A 12-year-old girl with acute myeloid leukemia has completed her third cycle of chemotherapy and is in the hospital awaiting count recovery. Her platelet count today is 15 000 and, based on your institution's protocol, she should receive a prophylactic platelet transfusion. She has a history of allergic reactions to platelet transfusions and currently has no bleeding symptoms. The patient's mother questions the necessity of today's transfusion and asks what her daughter's risk of bleeding would be if the count is allowed to decrease lower before transfusing. You perform a literature search regarding the risk of bleeding with differing regimens for prophylactic platelet transfusions.

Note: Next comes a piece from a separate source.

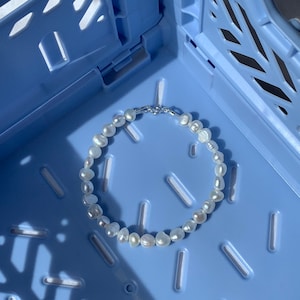 May include: A white pearl bracelet with a silver clasp, resting on a blue plastic crate.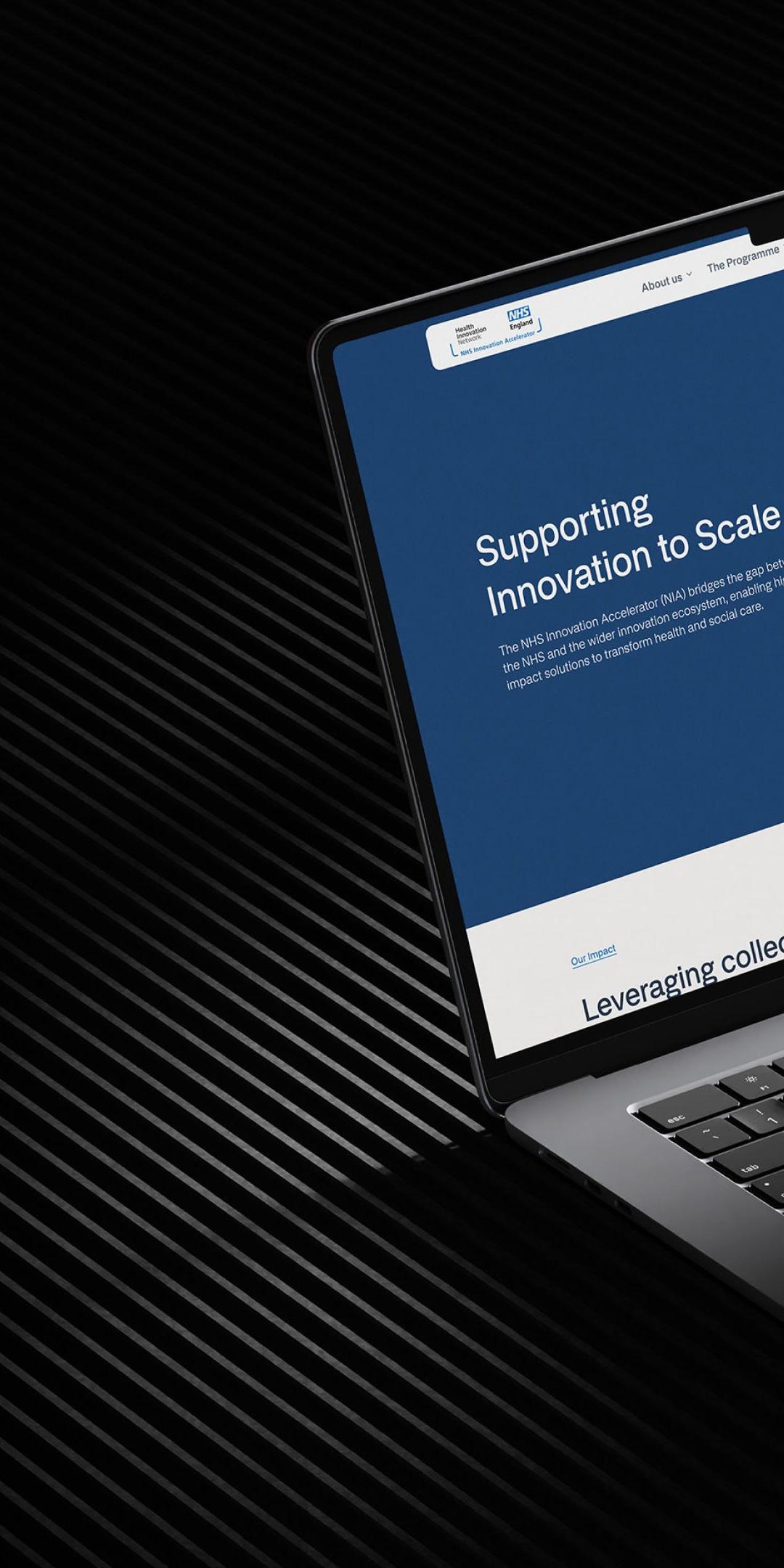 NHS Innovation Accelerator website on a laptop, headed Supporting Innovation to Scale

Until the 1960s, hemorrhage was a leading cause of death in newly diagnosed leukemia patients.1  Prophylactic platelet transfusions were shown to decrease bleeding-related mortality.2  In the half-century since this discovery, clinicians and researchers have been trying to determine the optimal platelet transfusion regimen that minimizes both bleeding risk and transfusion exposures. There are several variables to such a regimen, including prophylactic threshold, platelet dose, and component preparation. Because the primary goal of platelet transfusions is to reduce the risk of hemorrhage, bleeding incidence and severity are often the primary or secondary objectives of these studies.

Currently, there is neither a universally agreed upon definition of clinically significant bleeding nor a consensus on the best method to quantify bleeding. Researchers report bleeding outcomes in a variety of ways, including the proportion of patients with bleeding, the percentage of thrombocytopenic days with bleeding, the highest bleeding grade, and the time to first bleed. Conclusions drawn regarding the relative safety and efficacy of a platelet transfusion regimen will vary depending on the type of analysis chosen by the investigators.3  Complicating these issues is the variety of scales that can be used to measure bleeding (Table 1). The most commonly used scale was created by the World Health Organization (WHO) in 19794  to standardize toxicity reporting in cancer treatment trials. The WHO scale is a broad categorical scale that leaves a significant amount of interpretation up to individual raters. Most researchers consider WHO grade 2 and above to be significant bleeding because of the relative rarity of WHO grades 3 and 4 bleeding (6%-9% and 1%-2%, respectively). However, grade 2 bleeding does not predict grades 3 and 4 bleeding, nor is there evidence that patients with WHO grade 2 bleeding have increased long-term morbidity or decreased survival compared with patients with grades 0 or 1 bleeding.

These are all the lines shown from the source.